No Brasil, esta tendência de valorização dos jogos também
vem sendo percebida. Só para citar o caso das Lan Houses, elas
passaram de 20 (vinte), em todo o Brasil, em 2001, para
200(duzentos).
Somos
obrigados a reconhecer, contudo, que as pesquisas neste campo não
tem acompanhado a velocidade das mudanças no universo dos jogos.
A pesquisa acerca dos jogos eletrônicos, no Brasil, ainda
encontra-se, ainda, em sua fase inicial de desenvolvimento.

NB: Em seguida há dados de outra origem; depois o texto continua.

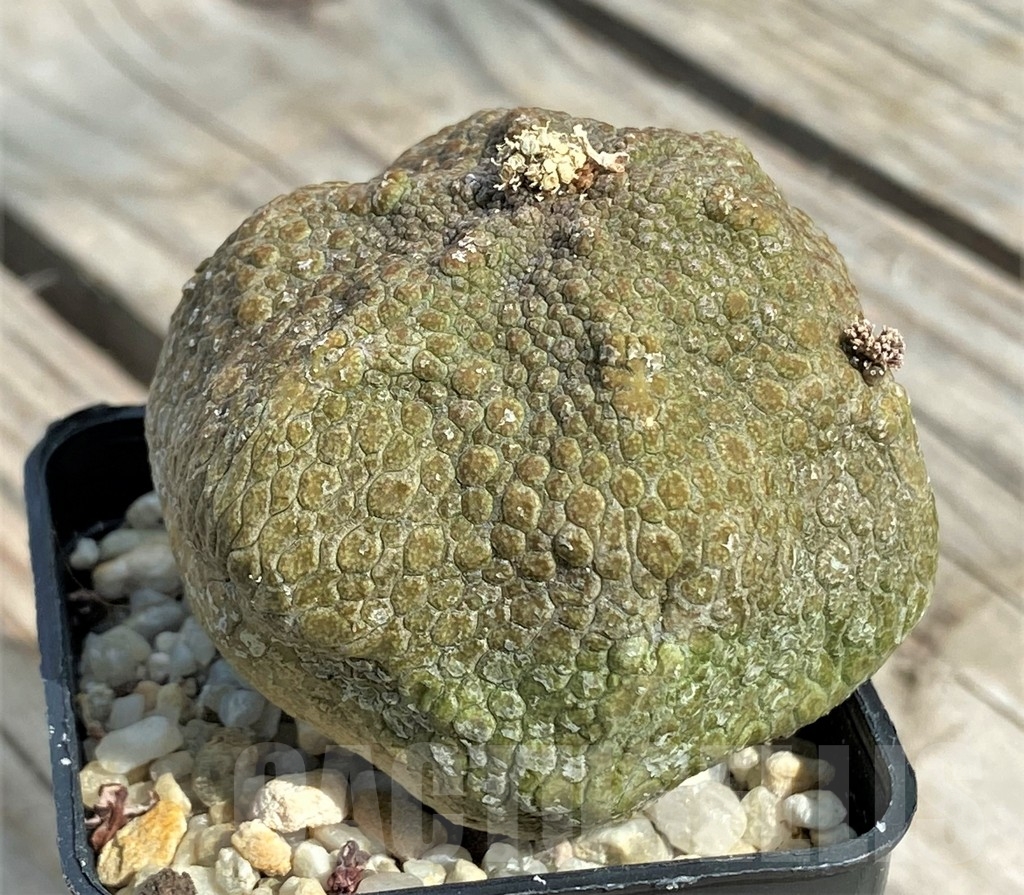 SHPR13394 Pseudolithos migiurtinus - Obrázek 3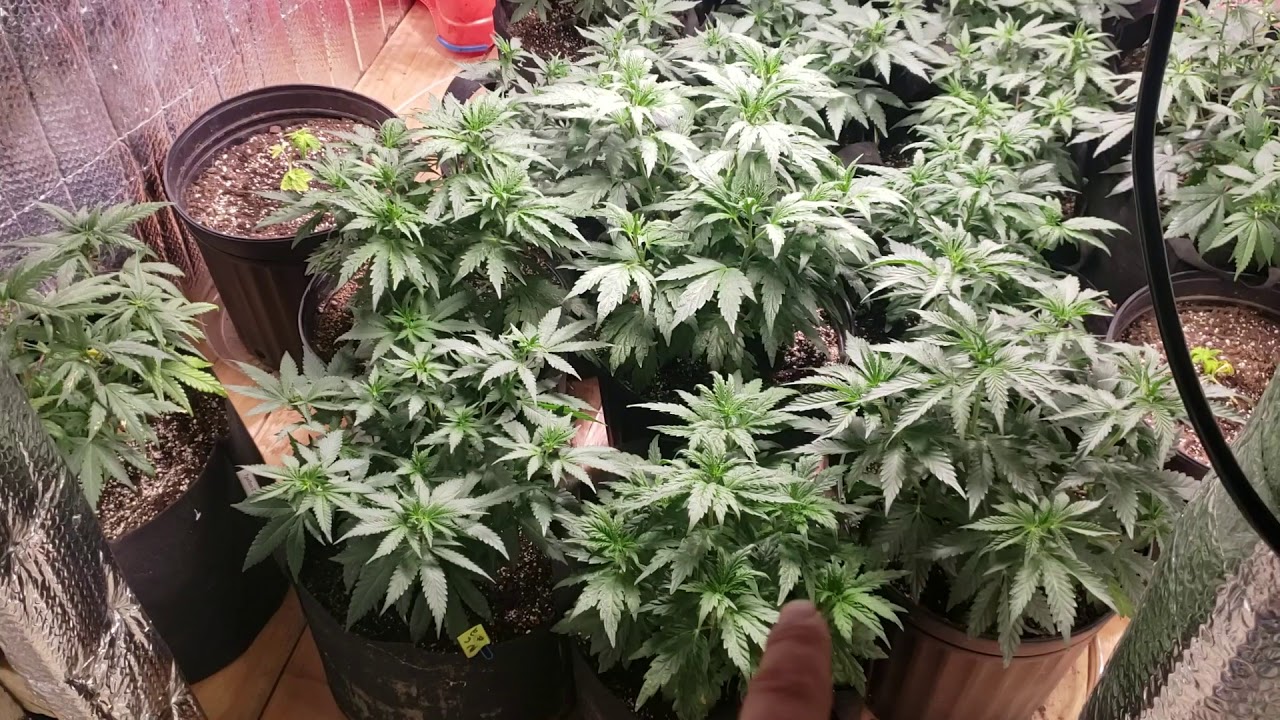 315 Cmh and oneo 1000 watt veg area with exhale 365 bag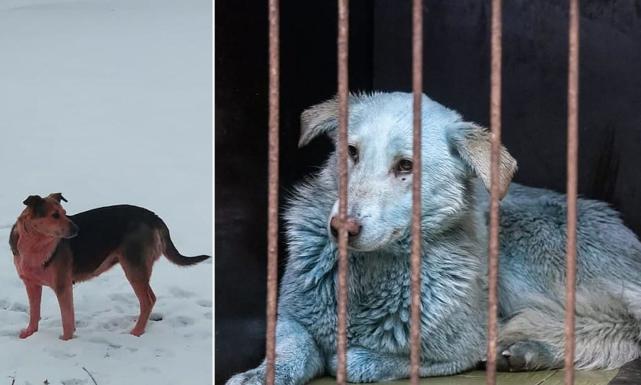 废弃工厂发现变色狗,长出蓝色和粉色皮毛,疑似受到化学污染|流浪狗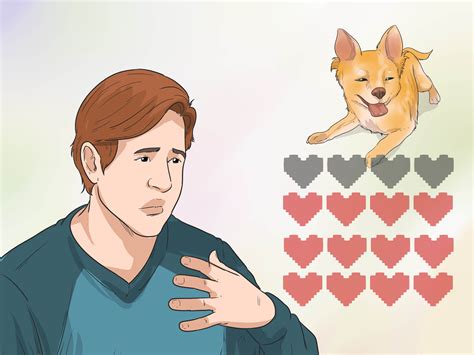 How to Take Care of a Teacup Chihuahua (with Pictures) - wikiHow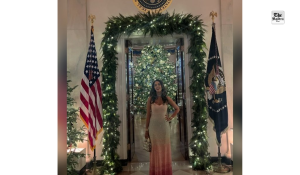 Mallika Sherawat calls her White House Christmas dinner invitation “completely surreal – Grateful”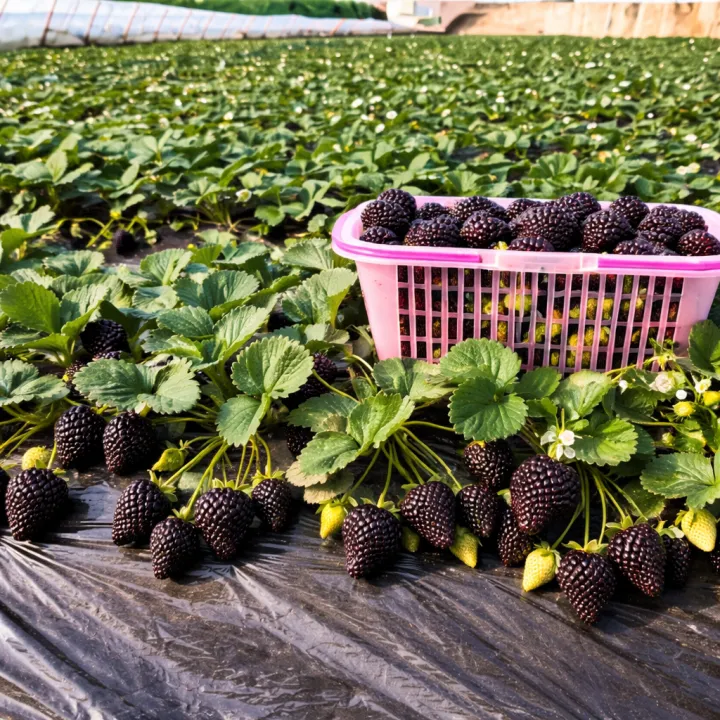 🍓 Graines de Fraise Géante à la Crème🍓 Fraises XXL, juteuses et ultra-douces !   ! 😍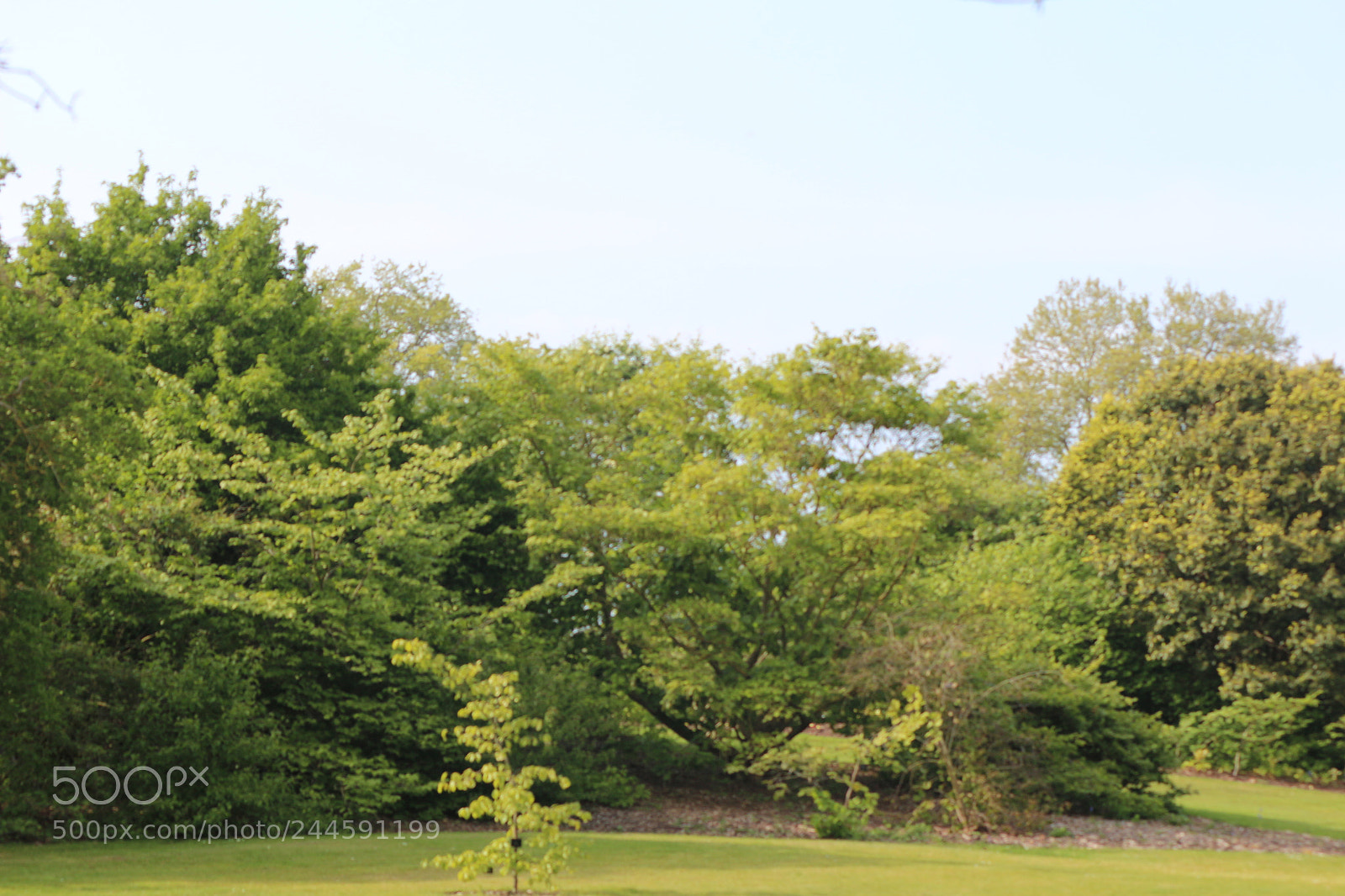 Canon EOS 650D (EOS Rebel T4i / EOS Kiss X6i) sample photo. Img photography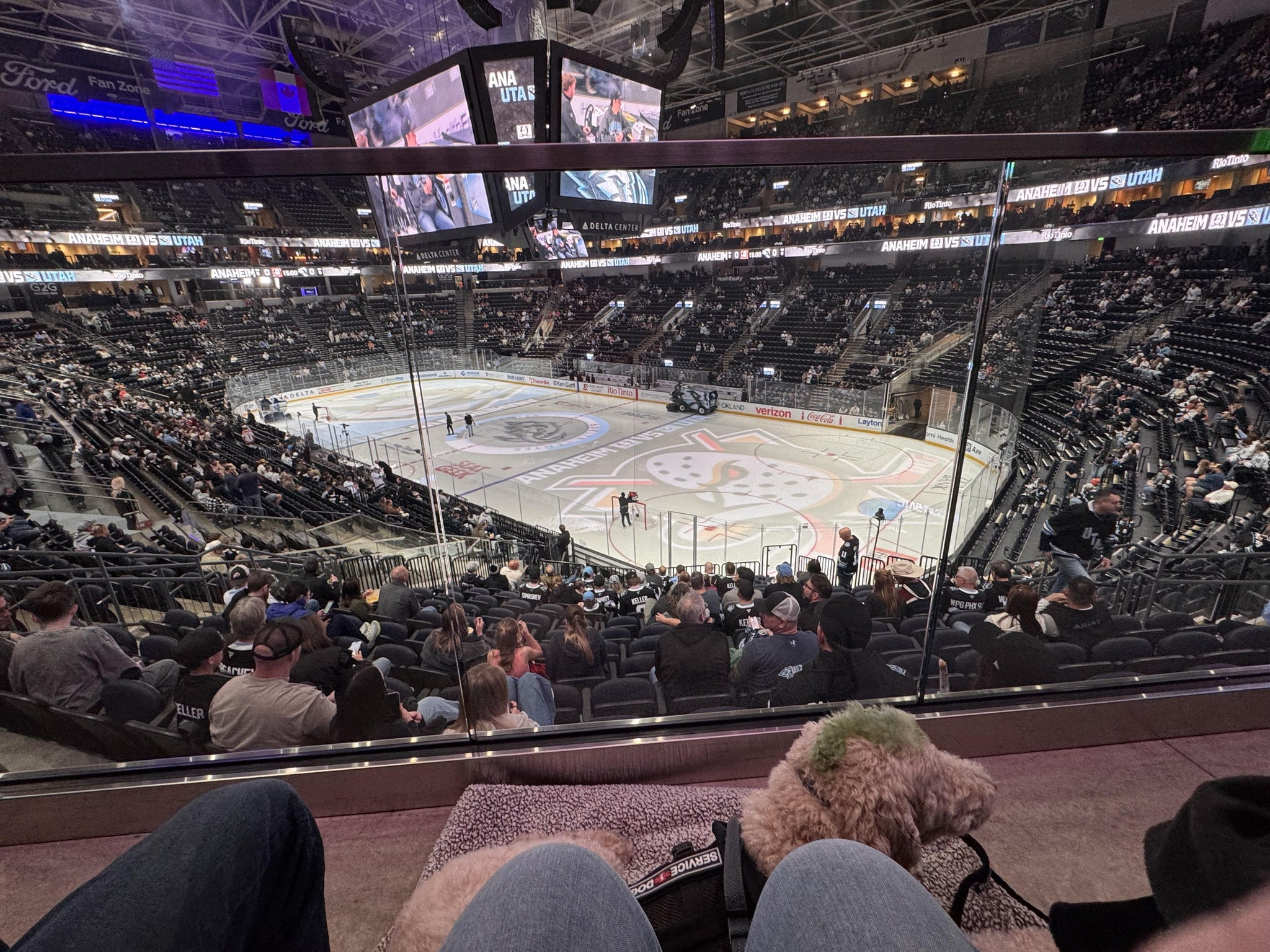 Real Fan View taken from Section 15 at Delta Center by Erin P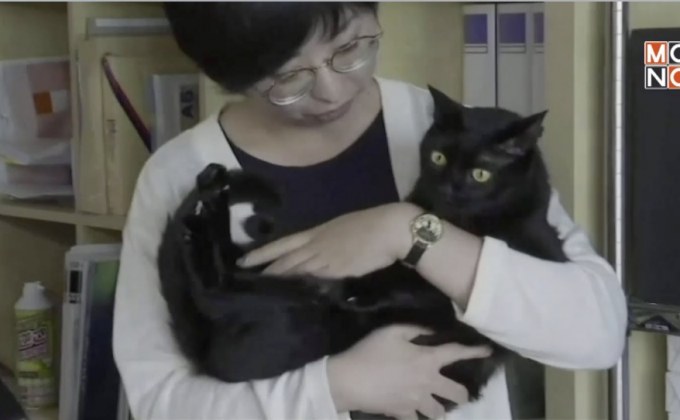 พนักงานออฟฟิศญี่ปุ่นนำสัตว์เลี้ยงมาที่ทำงานมากขึ้น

Segundo ALBUQUERQUE e SÁ (2000) tal universo ainda desperta muito
pouco interesse no meio acadêmico São raros os estudos nesta área,
o que confere originalidade à pesquisa aqui apresentada.
É
importante observar que existem visões diferenciadas na academia
quanto à importância e significado de tais jogos “os vídeos
games e os jogos eletrônicos, se olhados por uma perspectiva
otimista, representam uma revolução cultural e uma forma
diferente de socialização; ensinam crianças e jovens a lidar
com a realidade virtual no ciberespaço. Sob uma perspectiva
pessimista, no entanto, observa-se que os conteúdos dos vídeos
games e dos jogos de computador são tremendamente violentos,
sexistas e racistas, podendo vir a levar a agressão,
dessensibilização, medo e até mesmo à destruição dos
processos mentais, das relações sociais e da cultura”.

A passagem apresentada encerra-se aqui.